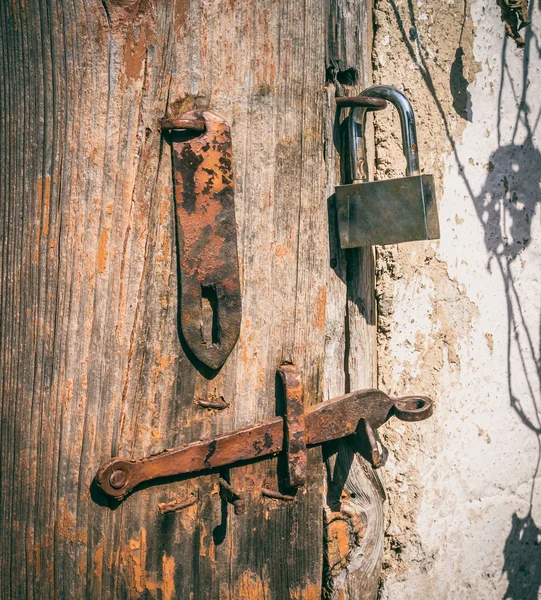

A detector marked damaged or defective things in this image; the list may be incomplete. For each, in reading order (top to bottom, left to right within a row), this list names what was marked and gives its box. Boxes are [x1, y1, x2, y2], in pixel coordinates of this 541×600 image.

corroded metal hardware [159, 109, 242, 368]
rusty hinge [159, 109, 242, 368]
rusty door latch [161, 109, 242, 368]
corroded metal hardware [336, 84, 440, 246]
corroded metal hardware [93, 366, 430, 502]
rusty hinge [93, 366, 430, 502]
rusty door latch [94, 366, 430, 502]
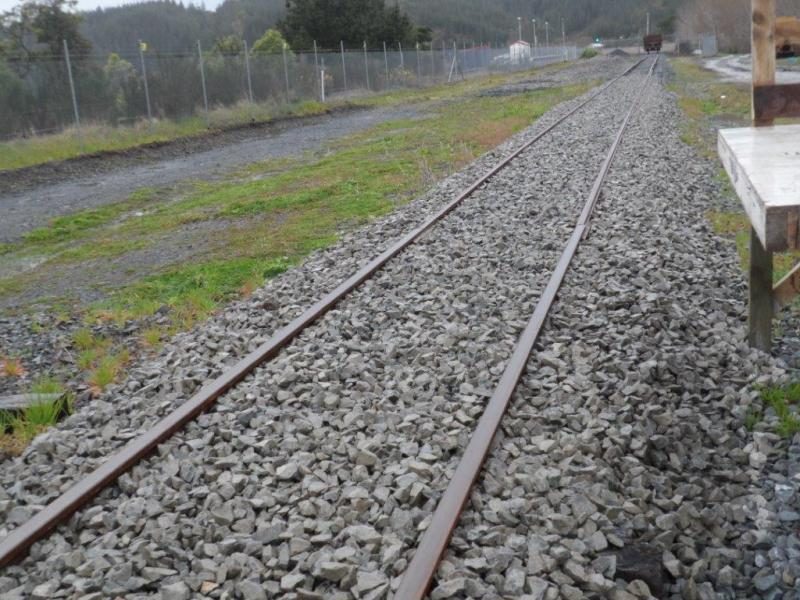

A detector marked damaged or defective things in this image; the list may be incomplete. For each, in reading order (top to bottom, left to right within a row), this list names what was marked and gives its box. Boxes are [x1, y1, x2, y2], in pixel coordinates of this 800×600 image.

rusty rail [0, 56, 648, 568]
rusty rail [394, 56, 656, 600]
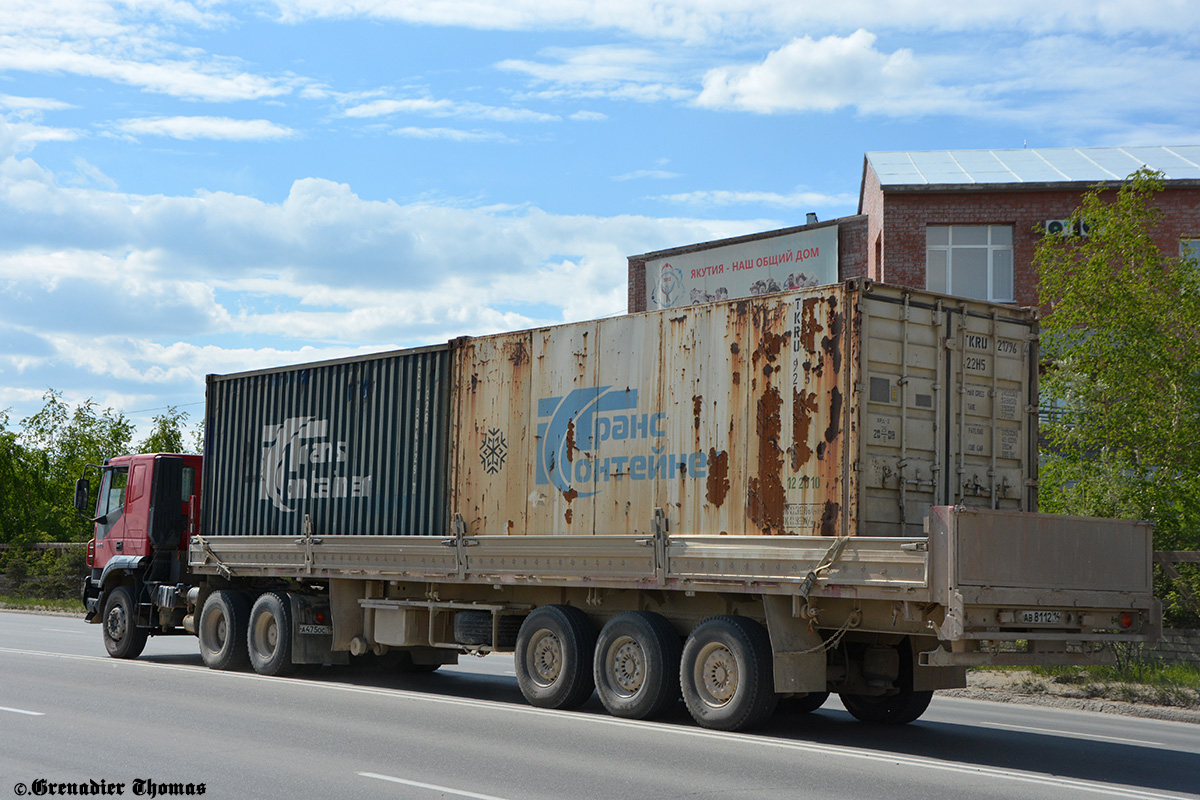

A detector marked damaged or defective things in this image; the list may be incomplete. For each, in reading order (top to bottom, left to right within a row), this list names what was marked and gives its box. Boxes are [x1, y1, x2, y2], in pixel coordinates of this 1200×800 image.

rusty shipping container [204, 346, 452, 536]
rusty shipping container [454, 282, 1032, 536]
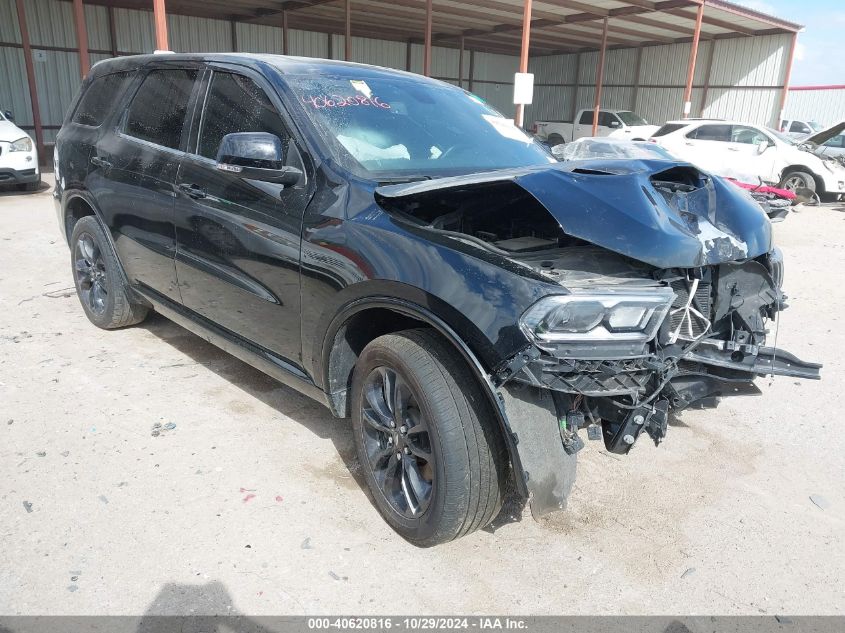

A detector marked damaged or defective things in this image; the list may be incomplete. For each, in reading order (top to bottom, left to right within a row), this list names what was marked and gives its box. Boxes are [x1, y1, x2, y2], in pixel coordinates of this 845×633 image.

crumpled hood [0, 119, 27, 142]
crumpled hood [376, 160, 772, 270]
damaged front end [374, 160, 816, 516]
----
**What needs to be done:**
Print every entry word for word; omit the pictures.

**Solution to this problem:**
A detector marked damaged or defective things in this image; the list may be incomplete. For each, in reading order (top to bottom, left to right within a row), this list names what was marked and gives its box. Boxes are [x1, y1, x2, y2], in pixel coordinates of this 541×600 image.

corroded metal hardware [159, 109, 242, 368]
rusty hinge [159, 109, 242, 368]
rusty door latch [161, 109, 242, 368]
corroded metal hardware [336, 84, 440, 246]
corroded metal hardware [93, 366, 430, 502]
rusty hinge [93, 366, 430, 502]
rusty door latch [94, 366, 430, 502]

A detector marked damaged or defective things in this image; the list may be incomplete. For each, in reading order (top to bottom, left to right within a row), this list names what was marked and gives its box. Boxes are [x1, y1, x2, y2], in pixel coordinates of this 800×600 image.

rusty rail [0, 56, 648, 568]
rusty rail [394, 56, 656, 600]

A detector marked damaged or defective things in this image; the list may be incomplete. For each, in reading order (top to bottom, left to right within a row), this list names what was marked and gives its box. Boxes are [x1, y1, x2, y2], in pixel coordinates of this 1200×800 image.

rusty shipping container [204, 346, 452, 536]
rusty shipping container [454, 282, 1032, 536]

A detector marked damaged or defective things in this image; the list may be incomplete. For each, in reading order (top to bottom, left to right within a row), this list names what was marked and gives its box. Boxes are [x1, y1, x2, y2], in pixel coordinates of this 845×633 image.

crumpled hood [0, 119, 27, 142]
crumpled hood [376, 160, 772, 270]
damaged front end [374, 160, 816, 516]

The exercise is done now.